We all know how email marketing campaigns work. You come up with the offer, design the creative, send the mailing out to the desired recipients, and then track the results.
If only it were that easy.
When you’re selling products that must conform to various U.S. state laws and regulations, your email marketing campaigns quickly become a lot more complex. Here’s one example.
For 16 years, Geerlings & Wade Inc. has been scouting out vineyards throughout the world, selecting suitable (in the company’s words, “exquisite yet inexpensive”) wines, and offering them up to consumers through home and office delivery. Geerlings & Wade delivers to 30 states via 16 licensed warehouse facilities.
In 1998, the wine distributor launched its Web site. And, not surprisingly, it decided to integrate email marketing into its other marketing channels, including direct mail. In early 1999, Geerlings & Wade began sending out text emails. By June 2000, the company had teamed up with e-Dialog, an email marketing firm, to create HTML and AOL versions.
“We immediately saw a huge increase in response to the HTML and AOL offers,” says Eric Welter, vice president of marketing at Geerlings & Wade. “In my opinion, if you can’t taste the product, you need to see it.”
So the mailings are designed to get across the full flavor of the products for sale. For instance, a recent offer featured a pair of wines from Italy, an 89-point Chianti Rufina and an 89-point Pinot Grigio. Consumers clicked on the product listings and were transported a few pages deep into the Geerlings & Wade Web site.
The timing of the mailings is methodical. Geerlings & Wade uses a mixture of email and direct mail to optimize overall customer response. The email campaigns are designed to enhance the direct-mail messages.
But Geerlings & Wade can’t just come up with one offer and ship it to its entire U.S. customer database. That’s because each state has its own rules and regulations and each mailing must adhere to a state’s Alcoholic Beverage Control Commission. (You can see this for yourself by looking at Web pages for California and Utah.)
Plus, because Geerlings & Wade is a public company, it is also responsible to and closely scrutinized by the U.S. Securities and Exchange Commission (SEC).

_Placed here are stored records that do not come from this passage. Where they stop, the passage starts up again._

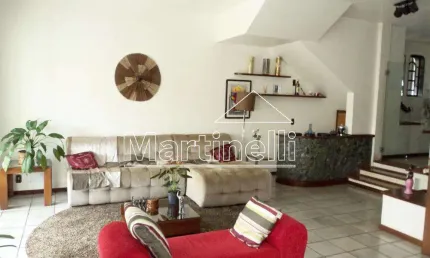 Casa com 3 quartos à venda no Alto da Boa Vista, Ribeirão Preto 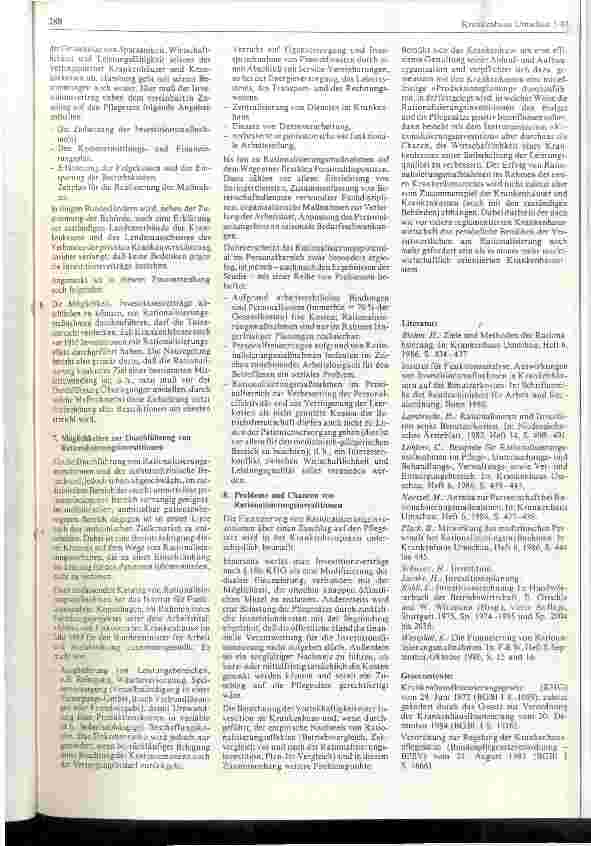Vorschauseite 3: Rationalisierungsinvestition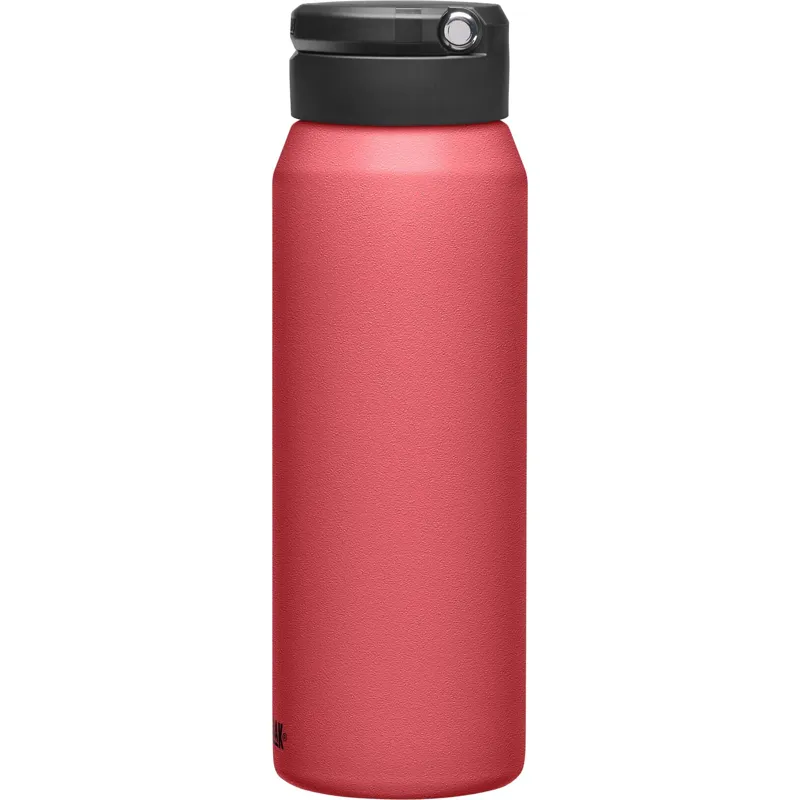 Camelbak Fit Cap 1L Bottle - Wild Strawberry 7 Camelbak Fit Cap 1L Bottle - Wild Strawberry - Image 7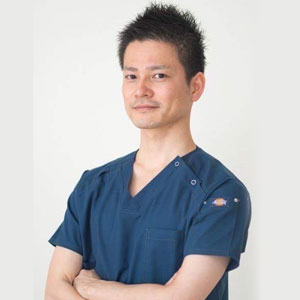 整体院 英 院長
柔道整復師
高橋 英之 先生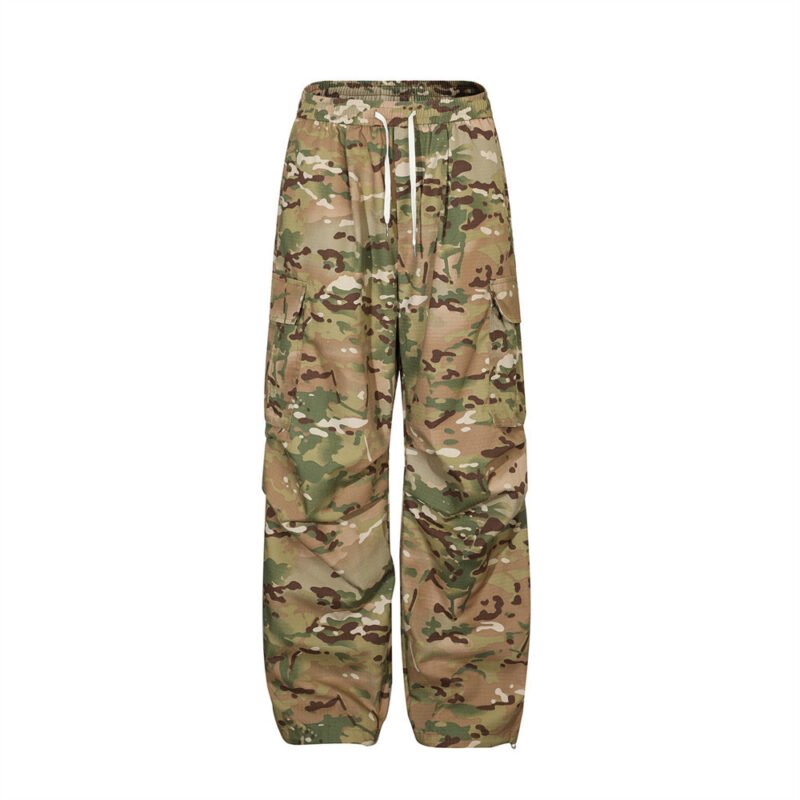 84809639-74e8-4f97-884d-3006341bdc3f.jpg Military Tooling Camouflage Pants Men's Fold Movement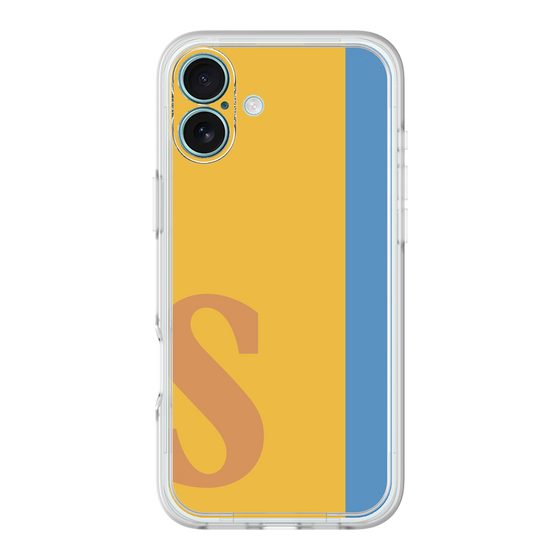 Premium Panel［ Original - initial color line - S orange ］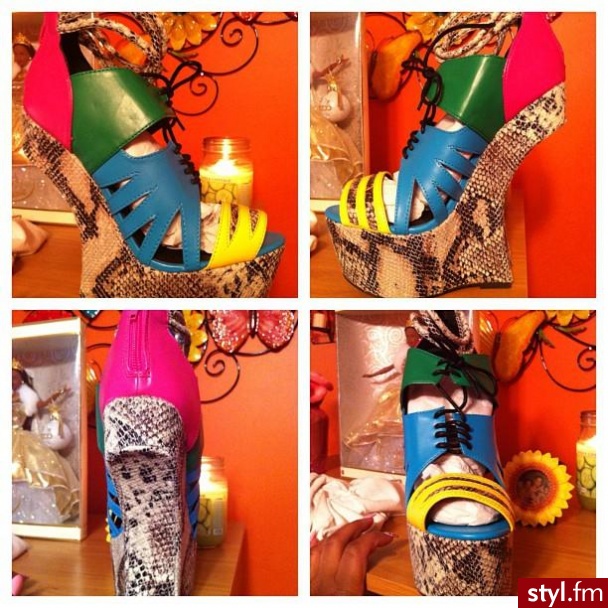 Koturny Buty Moda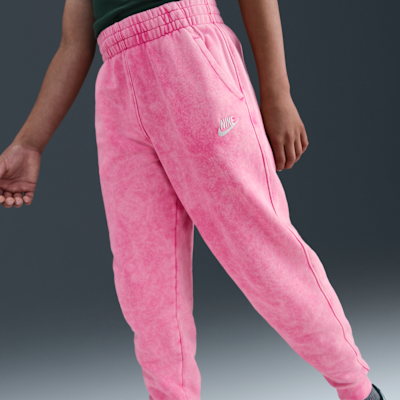 Nike Sportswear Club Fleece joggingbroek van sweatstof voor kids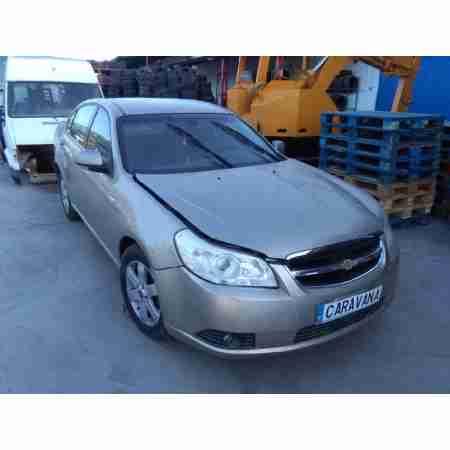 CHEVROLET EPICA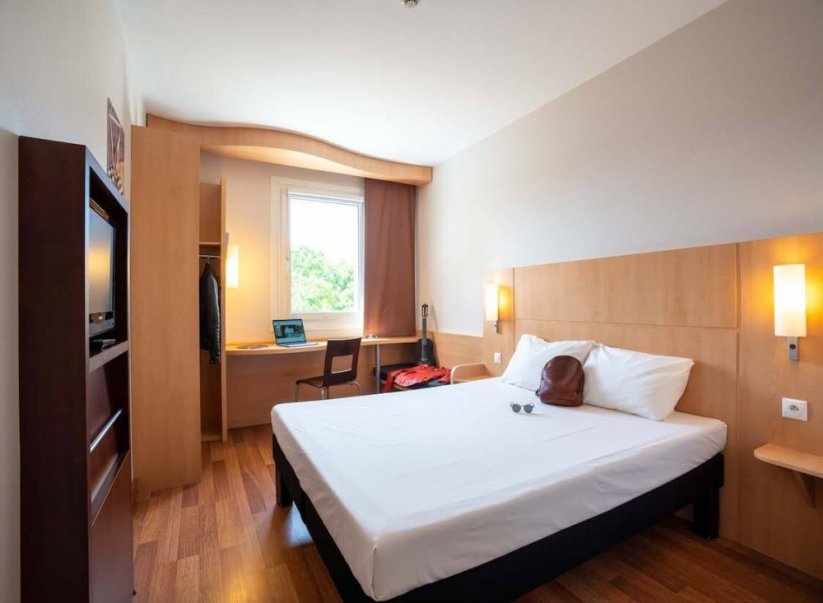 Moderní, komfortní a inovativní. Takový je ibis Hotel Plzeň, který se nachází v Plzni na Borských polích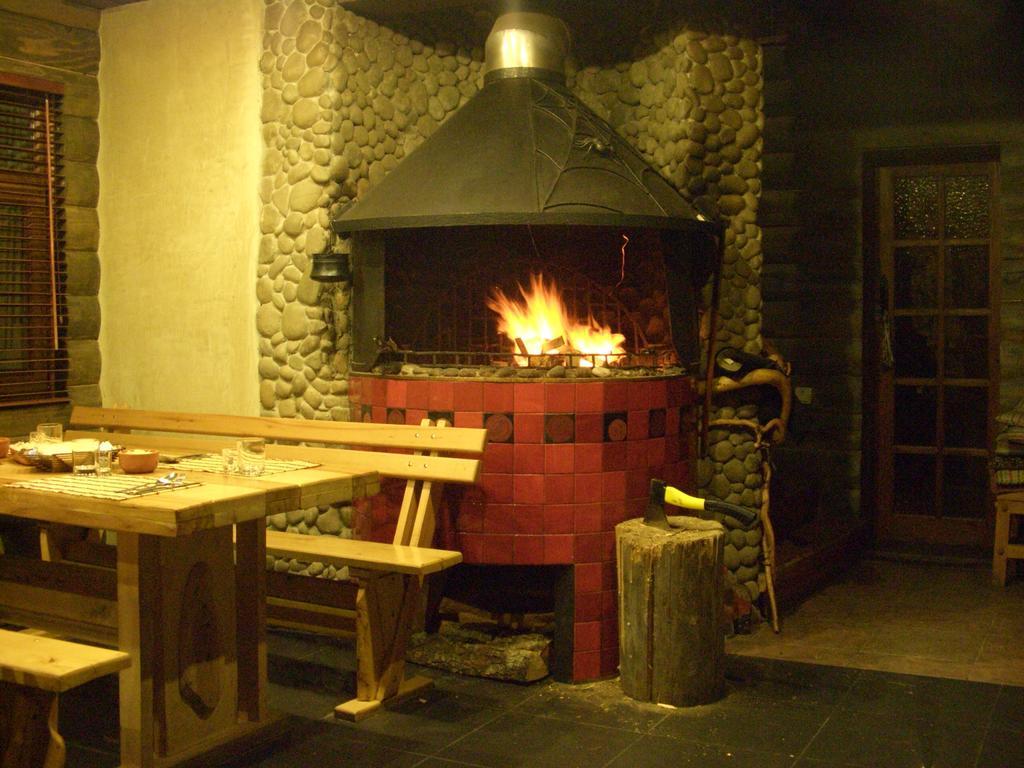 Chalet Truten Ворохта Екстериор снимка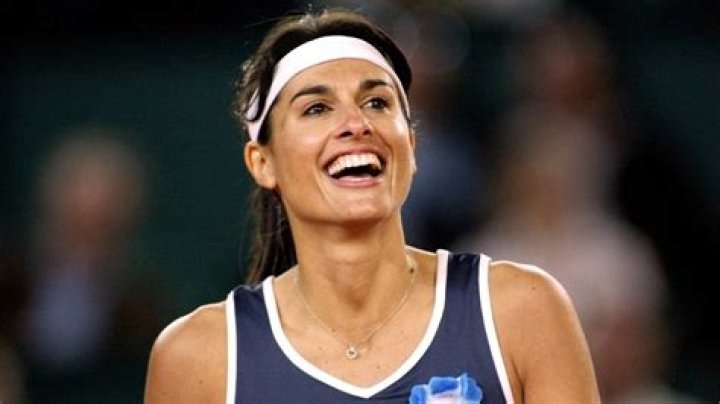 Gabi Sabatini's Famous Tennis Partners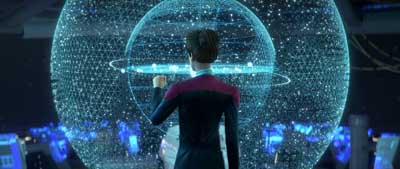 Star Trek: Prodigy Screencaps "Last Flight of the Protostar, Part II" (S2:E12)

For example, although Geerlings & Wade has a program that allows customers to become “members,” some states don’t allow memberships, so to consumers in those states the wine distributor may offer a discount. But Massachusetts doesn’t allow discounts on alcohol, so Geerlings & Wade may come up with an offer of free shipping for its Massachusetts customers who have membership.
Geerlings & Wade does all the necessary research on each state’s laws to figure out who is eligible to receive which offers. Then the company comes up with the appropriate content and creative for each batch of mailings. It sends the various messages to e-Dialog, which puts the mailings through a quality-assurance process, and the companies work together to make sure the offer is legal and legitimate for each state.
“Because of the legal implications, it involves more quality assurance on our end,” says Scott Healy, e-Dialog’s vice president of marketing. “When you start dealing with the potential of violating laws, it raises the stakes.”
Once the quality assurance check is done, the mailings are sent out. They are staggered to be timed with the direct-mail campaign and to evenly balance the number of calls to the call center. Geerlings & Wade might do 7 to 16 versions of the email message per campaign.
Sure, it’s a lot of work to create (and conform to) more than a dozen versions of a single offer, but the effort is paying off. In 1999, 5 percent of sales revenue came from online purchases, and that number was up to 15 percent in 2000, with Welter characterizing email as the driving force.
(And, yes, Geerlings & Wade also must verify the age of its potential buyers. But that’s a whole other story, deserving its own case study…)
Geerlings & Wade intends to further segment messages in the near future — not just according to state but also by personalizing the messages based on each customer’s individual buying preference, as it currently does in its call center.